Partitioning Records into FTPS files

The FTPS sink connector’s partitioner determines how records read from a Kafka topic are partitioned into FTPS directories. The partitioner preserves the same topic partitions as in Kafka, and records from each topic partition ultimately end up in an FTPS file with a name that includes the Kafka topic and Kafka partitions.

FTPS File Formats

The FTPS sink connector can serialize multiple records into each FTPS file using a number of formats. The connector’s format.class configuration property identifies the name of the Java class that implements the io.confluent.connect.storage.format.Format interface. The FTPS sink connector comes with several implementations:

  • Avro: Use format.class=io.confluent.connect.ftps.sink.format.avro.AvroFormat to write the FTPS file as an Avro container file and include the Avro schema in the container file followed by one or more records. The connector’s avro.codec configuration property specifies the Avro compression code. Valid values are:

    • null (the default) for no Avro compression
    • deflate to use the deflate algorithm as specified in RFC 1951
    • snappy to use Google’s Snappy compression library
    • bzip2 for BZip2 compression

    Optionally set enhanced.avro.schema.support=true to enable enum symbol preservation and package name awareness.

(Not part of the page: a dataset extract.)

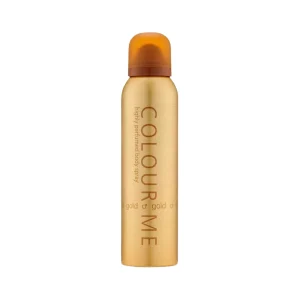 colour me body spray 150ml ( gold femme )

  • JSON: Use format.class=io.confluent.connect.ftps.sink.format.json.JsonFormat to write the FTPS file containing one JSON serialized record per line. The connector’s ftps.compression.type configuration property can be set to none (the default) for no compression or gzip for GZip compression.

  • Parquet: Use format.class=io.confluent.connect.ftps.sink.format.parquet.ParquetFormat to write the FTPS file as a parquet container file and will include the Parquet schema in the container file followed by one or more records.

  • CSV: Use format.class=io.confluent.connect.ftps.sink.format.csv.CsvFormat to write the FTPS file containing a comma-separated line for each record.

  • TSV: Use format.class=io.confluent.connect.ftps.sink.format.tsv.TsvFormat to write the FTPS file containing a tab space separated line for each record.